Action item: Below are records with pictures; copy word for word only the lines between the line with "Programowanie desktop apps" and the line with "Holiday. Man giving", inclusive, and drop the pictures.

Supplied records:
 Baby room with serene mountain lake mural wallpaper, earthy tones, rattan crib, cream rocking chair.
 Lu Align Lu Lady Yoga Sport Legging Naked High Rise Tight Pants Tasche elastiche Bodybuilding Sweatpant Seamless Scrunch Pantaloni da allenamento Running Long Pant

--

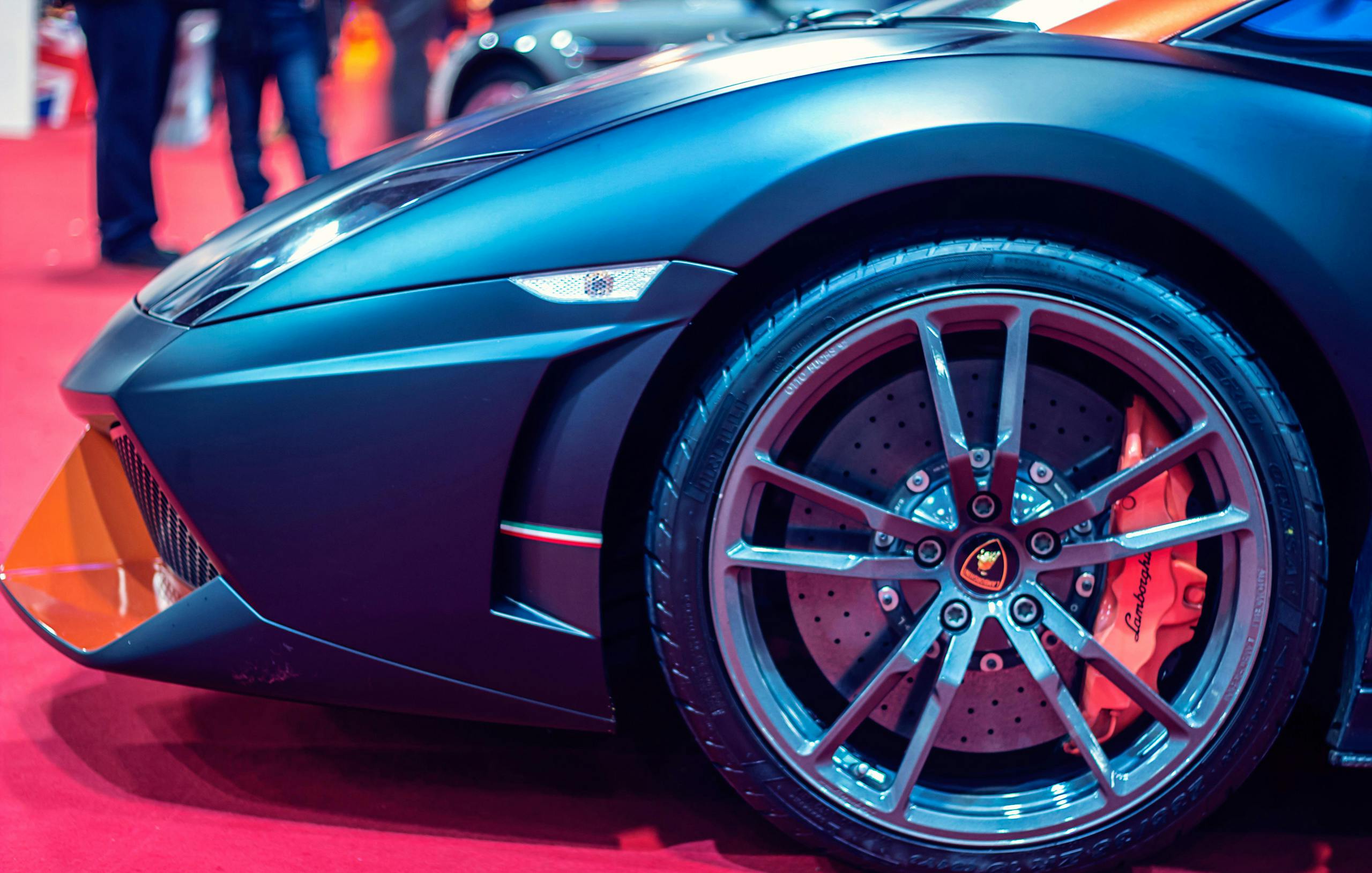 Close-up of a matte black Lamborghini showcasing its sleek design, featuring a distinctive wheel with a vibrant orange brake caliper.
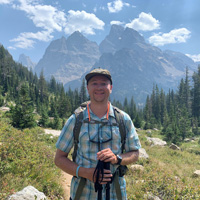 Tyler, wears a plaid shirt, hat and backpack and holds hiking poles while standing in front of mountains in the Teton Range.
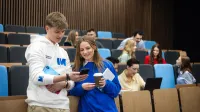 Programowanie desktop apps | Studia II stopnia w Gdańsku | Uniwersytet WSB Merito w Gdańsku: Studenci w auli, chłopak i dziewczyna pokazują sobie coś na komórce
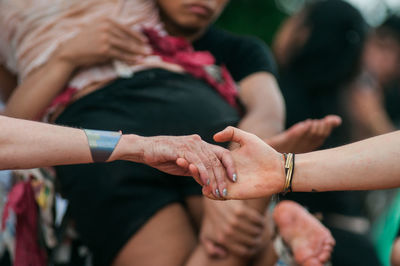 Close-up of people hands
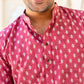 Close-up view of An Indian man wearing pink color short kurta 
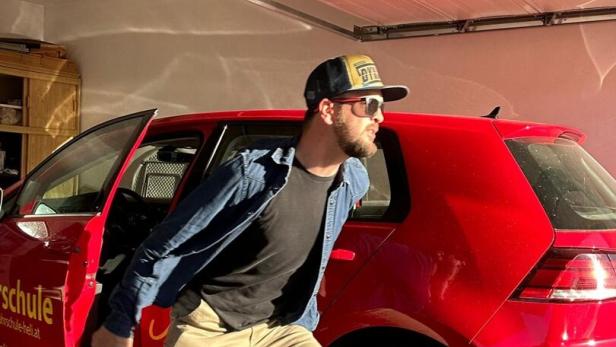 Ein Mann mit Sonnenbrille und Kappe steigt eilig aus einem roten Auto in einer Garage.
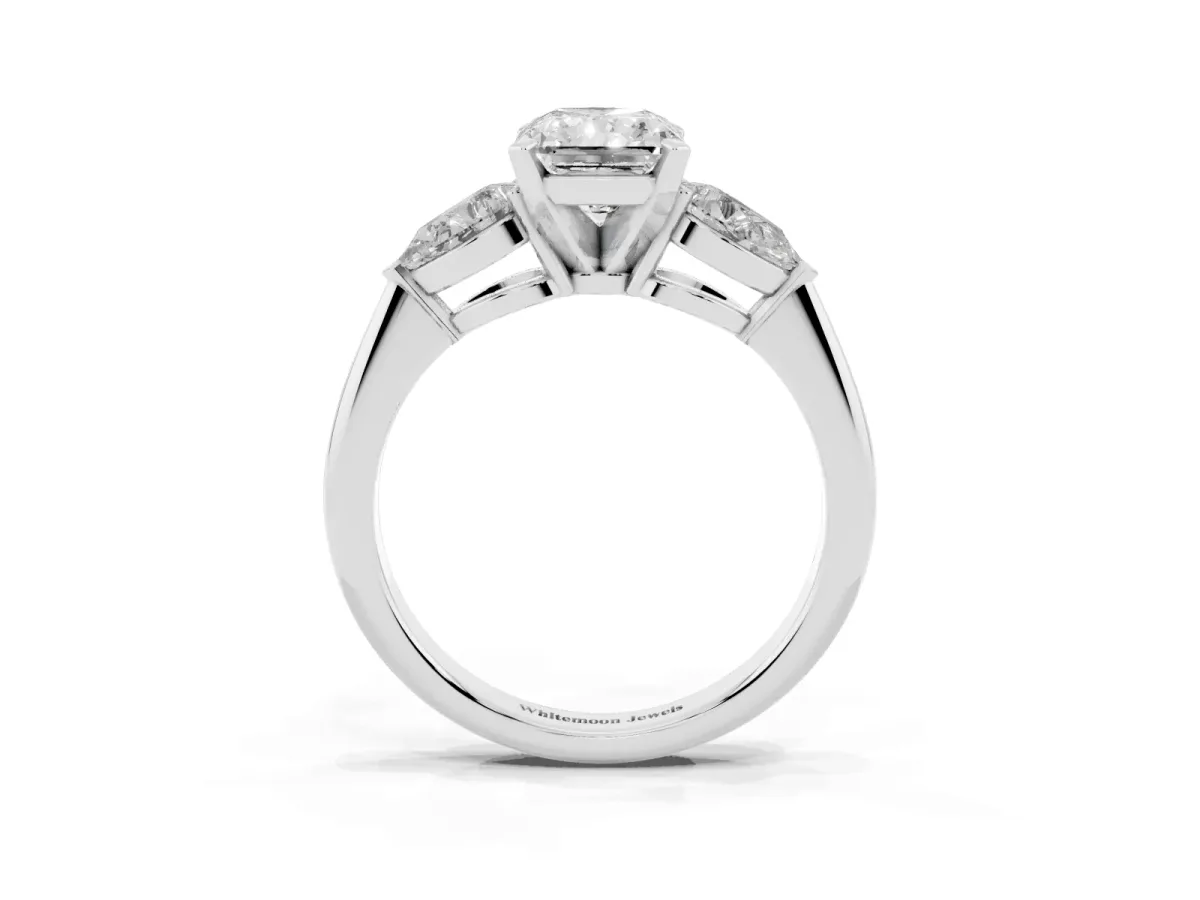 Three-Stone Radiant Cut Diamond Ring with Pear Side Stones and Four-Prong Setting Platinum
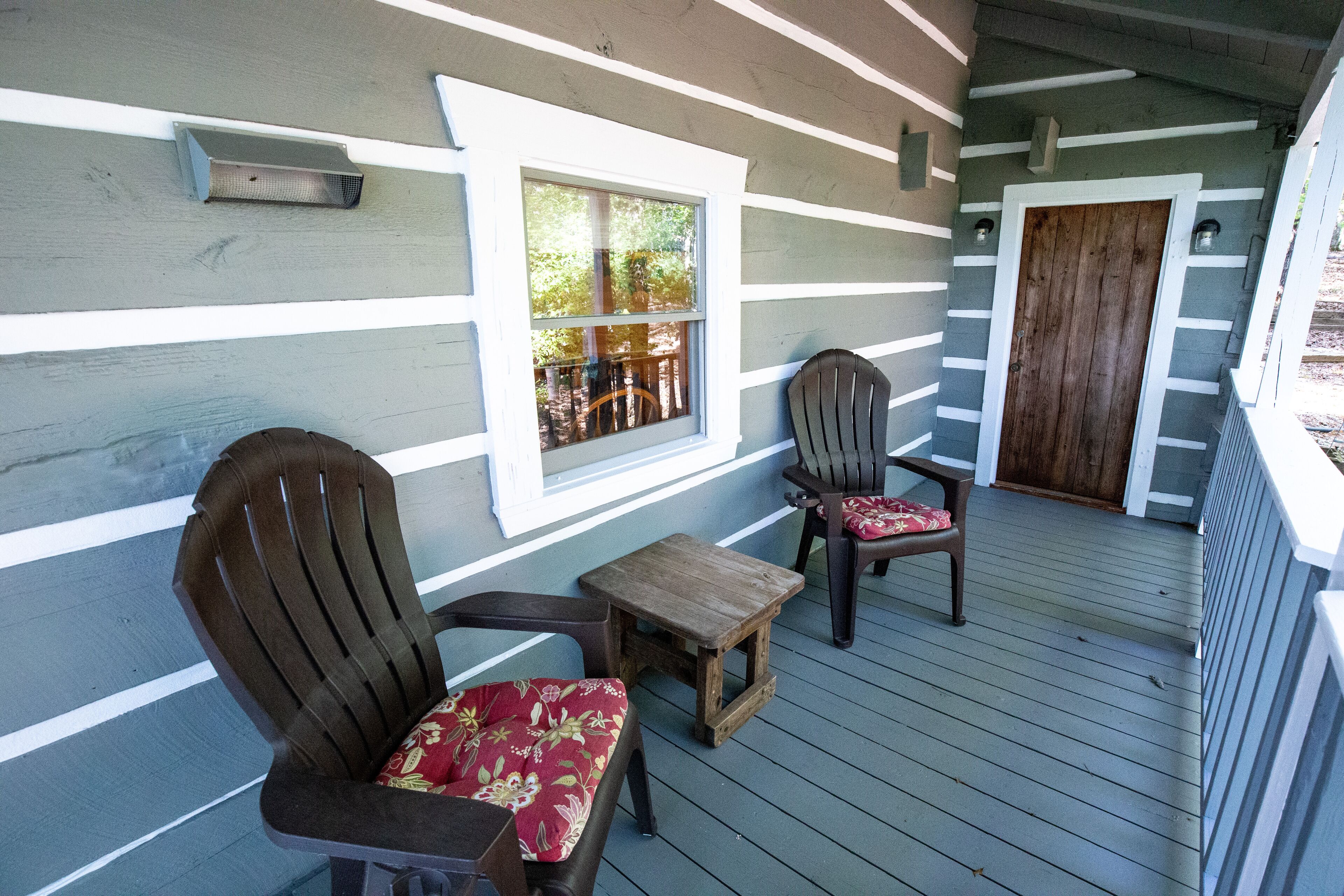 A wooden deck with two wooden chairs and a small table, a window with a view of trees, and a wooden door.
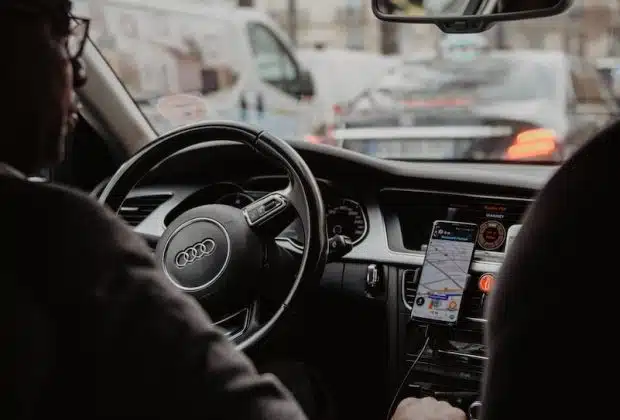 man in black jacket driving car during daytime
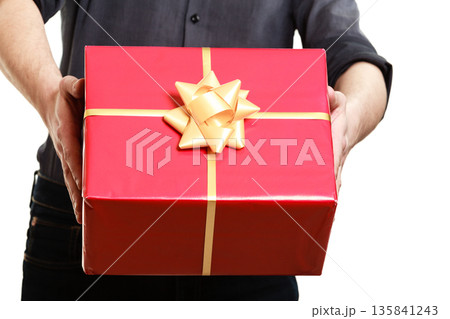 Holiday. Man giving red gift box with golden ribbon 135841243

Response for this exercise:
 Programowanie desktop apps | Studia II stopnia w Gdańsku | Uniwersytet WSB Merito w Gdańsku: Studenci w auli, chłopak i dziewczyna pokazują sobie coś na komórce
 Close-up of people hands
 Close-up view of An Indian man wearing pink color short kurta 
 Ein Mann mit Sonnenbrille und Kappe steigt eilig aus einem roten Auto in einer Garage.
 Three-Stone Radiant Cut Diamond Ring with Pear Side Stones and Four-Prong Setting Platinum
 A wooden deck with two wooden chairs and a small table, a window with a view of trees, and a wooden door.
 man in black jacket driving car during daytime
 Holiday. Man giving red gift box with golden ribbon 135841243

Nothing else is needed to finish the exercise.